§ Exercise directions
Search the listing below for the line containing "Baking Heart Wood". From there through the line containing "INS Style OT", transcribe every line exactly, both ends included.

- - - -

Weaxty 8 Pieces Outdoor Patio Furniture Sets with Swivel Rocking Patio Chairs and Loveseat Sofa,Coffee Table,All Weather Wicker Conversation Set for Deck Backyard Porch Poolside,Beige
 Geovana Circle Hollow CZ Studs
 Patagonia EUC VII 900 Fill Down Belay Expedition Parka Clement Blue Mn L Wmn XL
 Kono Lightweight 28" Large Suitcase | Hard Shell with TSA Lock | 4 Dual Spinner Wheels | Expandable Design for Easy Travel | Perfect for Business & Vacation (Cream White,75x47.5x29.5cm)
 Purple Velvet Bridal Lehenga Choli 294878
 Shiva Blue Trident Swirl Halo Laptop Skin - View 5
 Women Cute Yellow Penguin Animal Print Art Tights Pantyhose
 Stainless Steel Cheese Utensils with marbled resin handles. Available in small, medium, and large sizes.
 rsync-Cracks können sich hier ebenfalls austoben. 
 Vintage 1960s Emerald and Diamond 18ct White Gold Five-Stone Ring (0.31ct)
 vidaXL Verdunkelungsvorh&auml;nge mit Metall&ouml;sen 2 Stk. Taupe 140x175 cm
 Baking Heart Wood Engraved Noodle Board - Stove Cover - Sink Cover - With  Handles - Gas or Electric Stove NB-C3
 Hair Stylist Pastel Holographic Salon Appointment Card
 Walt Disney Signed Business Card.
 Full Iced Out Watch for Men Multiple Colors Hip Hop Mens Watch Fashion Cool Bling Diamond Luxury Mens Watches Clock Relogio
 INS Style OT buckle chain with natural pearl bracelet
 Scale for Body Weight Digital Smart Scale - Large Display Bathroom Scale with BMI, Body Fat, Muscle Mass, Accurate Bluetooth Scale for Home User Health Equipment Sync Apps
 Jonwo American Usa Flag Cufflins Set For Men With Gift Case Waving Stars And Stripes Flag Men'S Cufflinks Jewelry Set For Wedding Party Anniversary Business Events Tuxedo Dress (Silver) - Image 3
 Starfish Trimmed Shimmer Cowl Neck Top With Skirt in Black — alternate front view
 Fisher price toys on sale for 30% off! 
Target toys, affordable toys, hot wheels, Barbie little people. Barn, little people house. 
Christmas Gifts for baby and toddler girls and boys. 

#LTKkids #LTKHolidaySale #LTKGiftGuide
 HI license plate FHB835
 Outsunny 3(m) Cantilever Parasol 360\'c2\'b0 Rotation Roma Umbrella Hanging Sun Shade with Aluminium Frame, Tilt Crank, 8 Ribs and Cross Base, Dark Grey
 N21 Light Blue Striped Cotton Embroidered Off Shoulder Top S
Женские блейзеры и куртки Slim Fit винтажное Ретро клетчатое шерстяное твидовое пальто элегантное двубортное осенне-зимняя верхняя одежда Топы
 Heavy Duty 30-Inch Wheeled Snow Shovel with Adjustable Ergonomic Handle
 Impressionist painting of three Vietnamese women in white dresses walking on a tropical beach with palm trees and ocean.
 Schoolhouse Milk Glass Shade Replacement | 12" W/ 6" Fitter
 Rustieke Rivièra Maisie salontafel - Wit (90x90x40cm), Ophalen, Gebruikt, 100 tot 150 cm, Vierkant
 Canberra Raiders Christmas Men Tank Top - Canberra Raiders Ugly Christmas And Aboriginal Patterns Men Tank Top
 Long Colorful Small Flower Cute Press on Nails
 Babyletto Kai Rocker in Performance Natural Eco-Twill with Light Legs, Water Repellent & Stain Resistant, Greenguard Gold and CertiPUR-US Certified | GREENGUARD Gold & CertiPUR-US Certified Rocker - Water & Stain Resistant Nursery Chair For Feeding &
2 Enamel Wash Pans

- - - -

§ Output for this exercise
 Baking Heart Wood Engraved Noodle Board - Stove Cover - Sink Cover - With  Handles - Gas or Electric Stove NB-C3
 Hair Stylist Pastel Holographic Salon Appointment Card
 Walt Disney Signed Business Card.
 Full Iced Out Watch for Men Multiple Colors Hip Hop Mens Watch Fashion Cool Bling Diamond Luxury Mens Watches Clock Relogio
 INS Style OT buckle chain with natural pearl bracelet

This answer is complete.